Processing large compressed files with PHP

Jose Manuel Cardona
Softonic Engineering
6 min readApr 14, 2023

One day we received a new task: download a huge file on a daily basis and process it as quickly as possible to make the information available as soon as possible.

The problem with usual file processing methods

An Image representing a server downloading files from the cloud
Powered by Stable Diffusion

The usual approach involve downloading the file to disk, decompressing it, and then reading the file, which took too long. We could use libraries like Archive Tar to do the job.

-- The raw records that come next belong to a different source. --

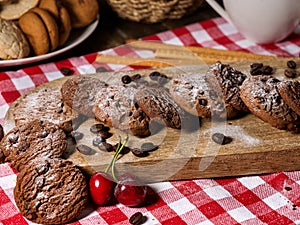 Oatmeal chocolate cookies with coffee grains and cherry. Sun flare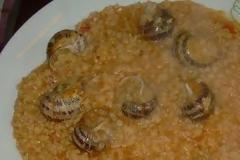 Φτιάξτε παραδοσιακούς Κρητικούς χοχλιούς με πιλάφι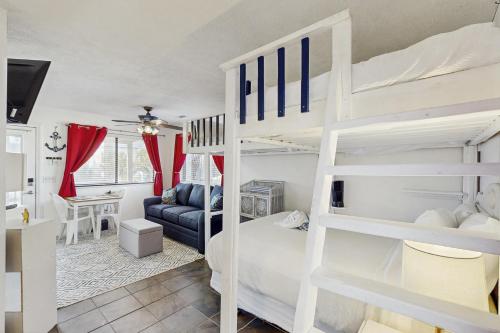 a bedroom with a bunk bed and a living room at Paradise Cove in Panama City Beach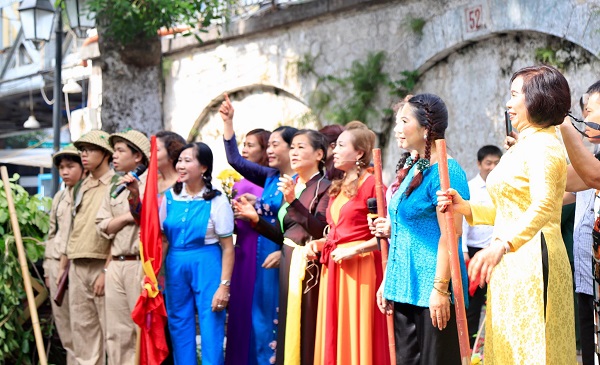 Hanoi mural street vibrant with national flags and flowers in celebration day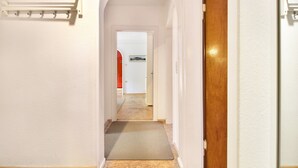 Ein Flur mit einer Holztür, einer weißen Wand und einer Fußmatte am Eingang.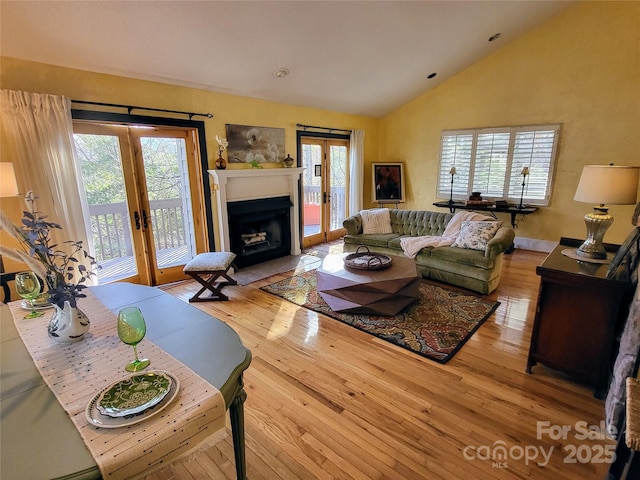 living room featuring light hardwood / wood-style flooring, a wealth of natural light, high vaulted ceiling, and french doors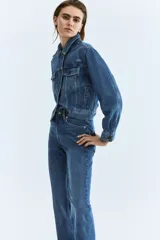 Jean de cinco bolsillos en denim de algodón con stretch. Modelo bootcut de tiro alto, ajustado de cintura a cadera y con corte ligeramente acampanado desde la rodilla hacia el bajo. Presenta raya marcada en la parte delantera y trasera.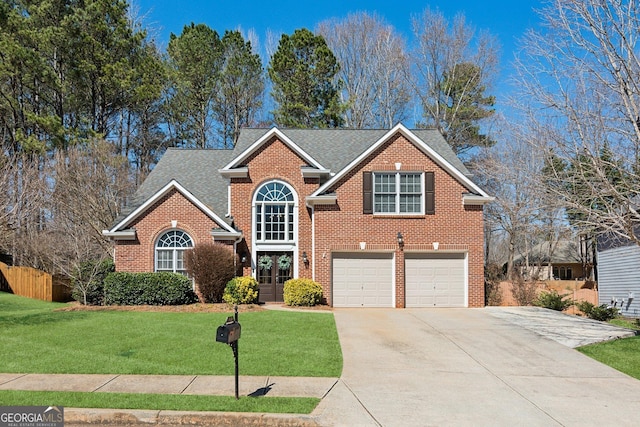 traditional home featuring driveway, a garage, roof with shingles, a front lawn, and brick siding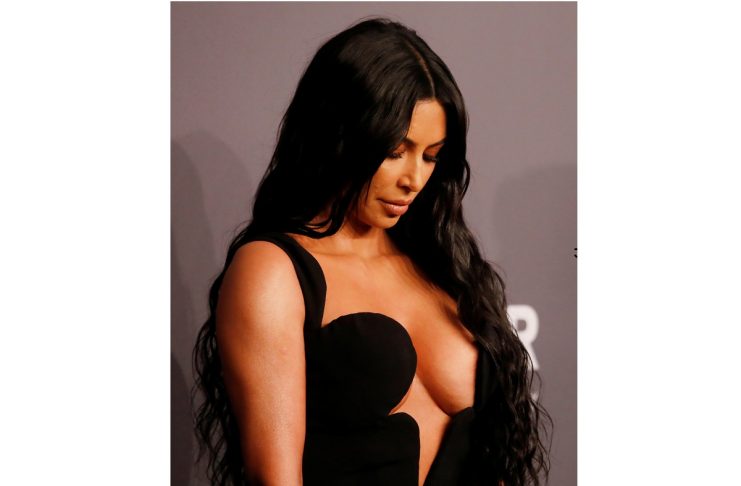 Kim Kardashian looks down on the red carpet for the amfAR gala in New York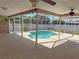 Large screened-in pool with spacious patio and white privacy fence at 594 W Tarpon Nw Blvd, Port Charlotte, FL 33952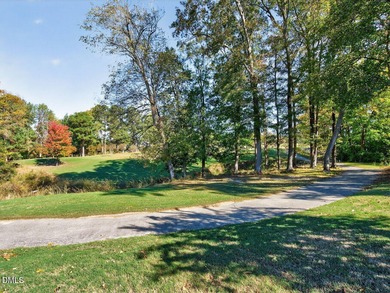 Custom-built home overlooking the 6th tee of Riverwood Golf on Riverwood Golf and Athletic Club in North Carolina - for sale on GolfHomes.com, golf home, golf lot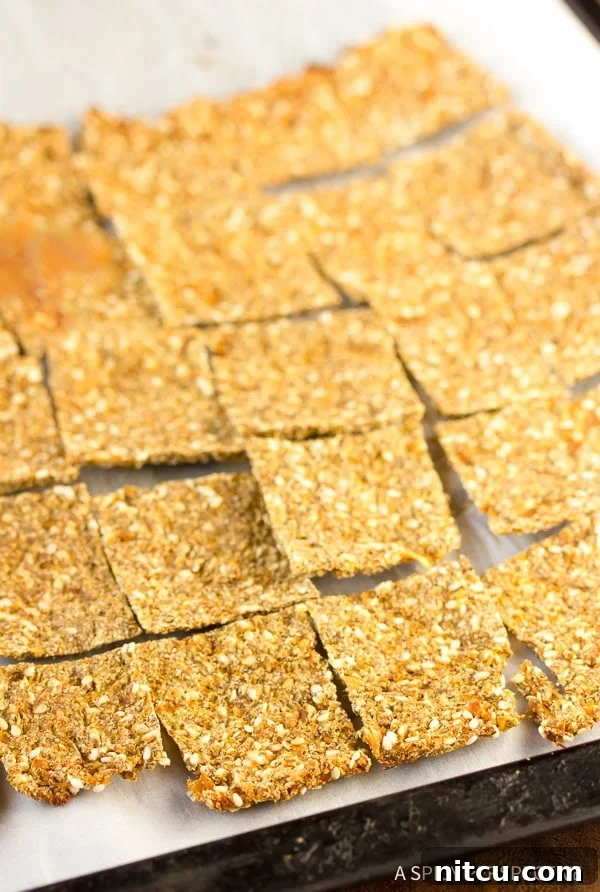 A close-up of a parchment paper lined baking sheet displaying an array of perfectly golden, square grain-free cauliflower crackers, highlighting their inviting texture.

We then started to investigate streaming download, but the file was compressed, and PHP doesn’t offer a built-in way to decompress a tar.gz file on the fly. However, it does offer stream filters, and this is where things started to get interesting.

Understanding the file requirements

The first thing to know is that the file is around 2 GB compressed, it is compressed using tar.gz, and it always contains a single file.

The challenge of working with tar.gz files

We tried to download the file using streaming and removing the first problematic layer, the GZIP compression.
So we could go with the native filters in PHP:

$stream = fopen('https://domain/path/to/file.tar.gz', 'rb');

stream_filter_append($stream, "zlib.inflate", STREAM_FILTER_READ);

Unfortunately it doesn’t work, because it work just with ZIP and not Gzip, so we need to check what are the differences between them with the help of GZip RFC. There we can see that we can treat it as a Zip with some extra headers, so to be able to use the zlib.inflate filter, we need to remove the GZip headers first, and we went for it.

Creating a custom stream filter to remove gzip headers

After researching how the stream filters work, we found that we can create our own filters, so we created a filter to remove the gzip headers and we could use the zlib.inflate filter.

<?php

declare(strict_types=1);

namespace App\Infrastructure\StreamFilters;

use php_user_filter;

class GzipHeaderFilter extends php_user_filter
{
private const DEFAULT_HEADER_LENGTH = 8;

private bool $headerProcessed = false;

public function filter($in, $out, &$consumed, $closing): int
{
while ($bucket = stream_bucket_make_writeable($in)) {
if (!$this->headerProcessed) {
$headerLen = self::DEFAULT_HEADER_LENGTH;
$header = substr((string)$bucket->data, 0, $headerLen);
$flags = ord($header[1]);
if (($flags & 0x08) !== 0) {
// a filename is present
$headerLen = strpos((string)$bucket->data, "\0", $headerLen) + 1;
}

$bucket->data = substr((string)$bucket->data, $headerLen);
$this->headerProcessed = true;
}

$consumed += $bucket->datalen;

stream_bucket_append($out, $bucket);
}

return PSFS_PASS_ON;
}
}

The important part here is the if that contains the logic to remove the header, and the stream_bucket_append that append the bucket to the output stream.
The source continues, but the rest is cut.